Vous parlez beaucoup du progrès social, qui est associé politiquement au combat de la gauche : peut-on être pour le progrès social tout en étant libéral ? Par exemple, un défenseur du progrès social préconisera davantage de logements sociaux, tandis qu’un libéral favorisera le développement du parc privé afin de faire baisser le prix des loyers et ainsi permettre aux plus modestes de se loger. Idem pour la fiscalité…
Il peut y avoir plusieurs définitions du mot libéral. La maçonnerie est libérale. Le maçon est libre. Il frappe à la porte de notre temple de sa propre et libre volonté. Après, il y a la notion de solidarité, qui est intrinsèque à notre fonctionnement. Les maçons vont pouvoir imaginer un progrès social, sans être naïfs, en ayant en tête l’ensemble des hypothèses qui forment notre société et, à partir de ce moment-là, travailler comme il faut. Quand on soutient la procréation médicalement assistée, on considère que c’est un progrès social. On va se battre pour l’ouverture de droits à un maximum d’hommes et de femmes. Plus on ouvre des droits, plus on va vers le progrès social, puisqu’il y aura des prises de conscience et des responsabilisations.
Quelle est votre position sur l’affaire du voile islamique ?

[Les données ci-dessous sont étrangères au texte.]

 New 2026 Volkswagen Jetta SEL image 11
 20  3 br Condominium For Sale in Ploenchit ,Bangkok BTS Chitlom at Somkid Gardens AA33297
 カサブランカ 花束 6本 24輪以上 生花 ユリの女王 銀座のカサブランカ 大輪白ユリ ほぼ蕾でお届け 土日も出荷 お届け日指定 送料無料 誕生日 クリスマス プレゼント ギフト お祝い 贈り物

Nous avons fait passer une note sur la représentativité de la religion à l’intérieur du service public. On ne peut pas empêcher les hommes et les femmes de s’habiller selon leurs croyances quand ils sont dans la rue, sauf à se faire reconnaître. Il faut que le visage soit complètement visible, sinon on n’est plus dans le respect de nos règles légales. C’est un vrai problème d’État.
Lorsque j’évoque le voile islamique, il s’agit de celui qui exprime un islam radical et qui véhicule un message politique. Je ne parle pas du foulard que l’on voit chez de nombreuses femmes dans les pays du Maghreb. Ma question porte sur le voile politique, que certains pays arabes interdisent !

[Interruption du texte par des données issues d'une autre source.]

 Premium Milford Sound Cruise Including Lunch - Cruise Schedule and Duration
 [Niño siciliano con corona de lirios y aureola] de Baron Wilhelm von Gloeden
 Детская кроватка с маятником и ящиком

On n’empêchera pas les extrémistes, on les empêchera par la culture partagée, ces islamistes extrémistes devront faire leur aggionarmento… Je crois que le monde de l’islam en France est en train de faire cela, mais ils n’empêcheront pas les extrémistes. Vous n’empêcherez pas les catholiques extrémistes… Cela a existé. Parfois, j’ai un peu peur quand je vois des hommes et des femmes s’attacher à des lits dans des cliniques pour dénoncer l’interruption volontaire de grossesse. Je suis dans le respect de la libre conscience. Cela veut dire qu’il faut que l’on puisse pousser le plus loin possible l’ensemble des vecteurs culturels pour justement mesurer ce qui nous sépare et ensuite construire ensemble une société civile où la paix et l’harmonie règnent. C’est un travail de tous les jours.
Le Droit Humain donne des conférences dans toute la France, comme à Herbignac le 19 novembre : l’objectif est-il de démystifier ce que vous êtes et d’inciter les gens à venir travailler avec vous ?
Il y a la réponse dans votre question : c’est se faire connaître, c’est démystifier, c’est se faire connaître dans notre vrai visage. Nous sommes des hommes et des femmes qui n’ont pas d’autre ambition que de faire progresser la société. Il faut démystifier cette notion du secret parce que, s’il y avait réellement un secret, il n’y aurait pas des milliers de livres pour en parler.